Context:
The ground is shaking and swelling at Mauna Loa, the largest active volcano in the world, indicating that it could erupt. Scientists say they don’t expect that to happen right away but officials on the Big Island of Hawaii are telling residents to be prepared in case it does erupt soon.
Relevance:
GS I: Geography, Facts for Prelims
Dimensions of the Article:
- Where is Mauna Loa?
- Will Mauna Loa erupt like Kilauea?
- About the Ring of Fire
Where is Mauna Loa?
- Mauna Loa is one of five volcanoes that together make up the Big Island of Hawaii, which is the southernmost island in the Hawaiian archipelago.
- It’s not the tallest (that title goes to Mauna Kea) but it’s the largest and makes up about half of the island’s land mass.
- It sits immediately north of Kilauea volcano, which is currently erupting from its summit crater.
- Kilauea is well-known for a 2018 eruption that destroyed 700 homes and sent rivers of lava spreading across farms and into the ocean. Mauna Loa last erupted 38 years ago.
- In written history, dating to 1843, it’s erupted 33 times. The Big Island is mostly rural and is home to cattle ranches, coffee farms and beach resorts.
- It’s about 200 miles (320 kilometers) south of Hawaii’s most populous island, Oahu, where the state capital Honolulu and beach resort Waikiki are both located.
Will Mauna Loa erupt like Kilauea?
- Mauna Loa’s eruptions differ from Kilauea’s in part because it is taller.
- Its greater height gives it steeper slopes, which allow lava to rush down its hillsides faster than Kilauea’s.
- Its enormous size may allow it to store more magma, leading to larger lava flows when an eruption occurs.
- Mauna Loa has a much larger magma reservoir than Kilauea, which may allow it to hold more lava and rest longer between eruptions than Kilauea.
About the Ring of Fire
- Many volcanoes in the Ring of Fire were created through a process of subduction. And most of the planet’s subduction zones happen to be located in the Ring of Fire
- It is a string of at least 450 active and dormant volcanoes that form a semi-circle, or horse shoe, around the Philippine Sea plate, the Pacific Plate, Juan de Fuca and Cocos plates, and the Nazca Plate.
- There is a lot of seismic activity in the area.
- 90 per cent of all earthquakes strike within the Ring of Fire
Why are there so many volcanoes in the Ring of Fire?
- The tectonic plates move non-stop over a layer of partly solid and partly molten rock which is called the Earth’s mantle.
- When the plates collide or move apart, for instance, the Earth moves, literally.
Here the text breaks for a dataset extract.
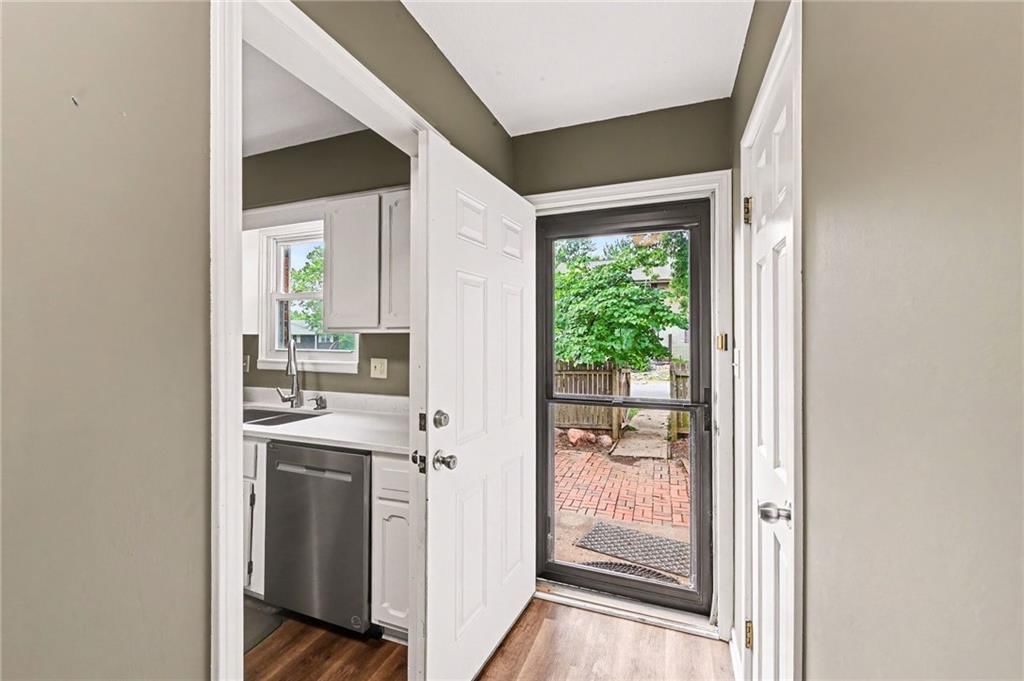Photo 10 of 17 - 7104 NW Chapel Woods Lane, Kansas City, MO 64152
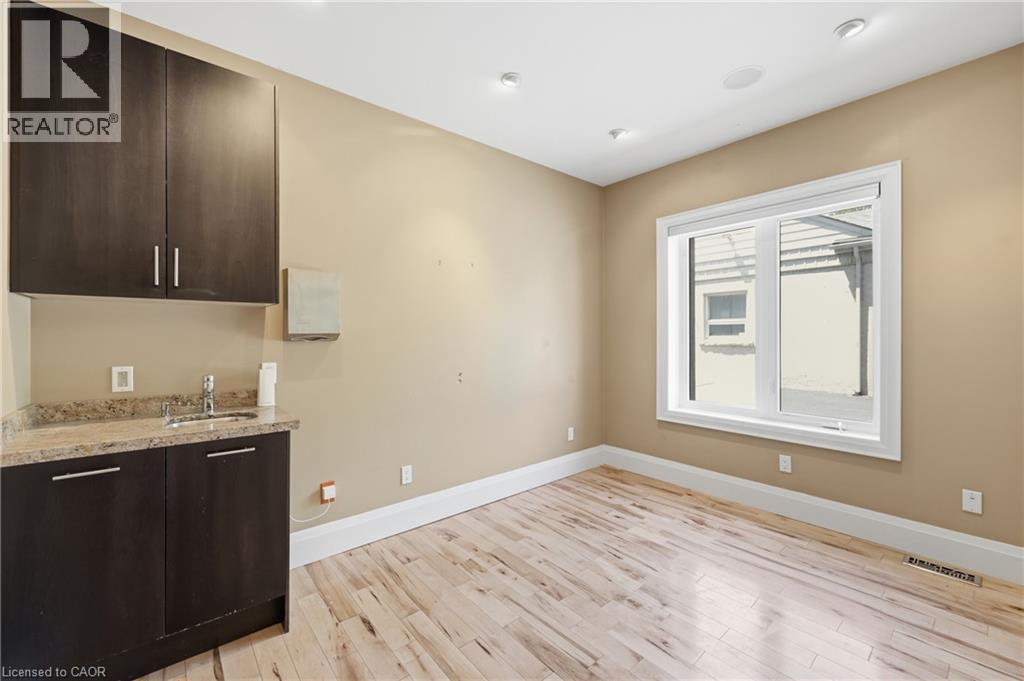 58 King Street W, Stoney Creek, Ontario  L8G 1H8 - Photo 26 - 40836470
- Mountains, like the Andes in South America and the Rockies in North America, as well as volcanoes have formed through the collision of tectonic plates.
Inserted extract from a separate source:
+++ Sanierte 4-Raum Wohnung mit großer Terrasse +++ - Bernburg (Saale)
- Many volcanoes in the Ring of Fire were created through a process of subduction. And most of the planet’s subduction zones happen to be located in the Ring of Fire
What is subduction?
- Subduction happens when tectonic plates shift, and one plate is shoved under another.
- This movement of the ocean floor produces a “mineral transmutation,” which leads to the melting and solidification of magma – that is, the formation of volcanoes.
- Basically, when a “downgoing” oceanic plate is shoved into a hotter mantle plate, it heats up, volatile elements mix, and this produces the magma.
- The magma then rises up through the overlying plate and spurts out at the surface.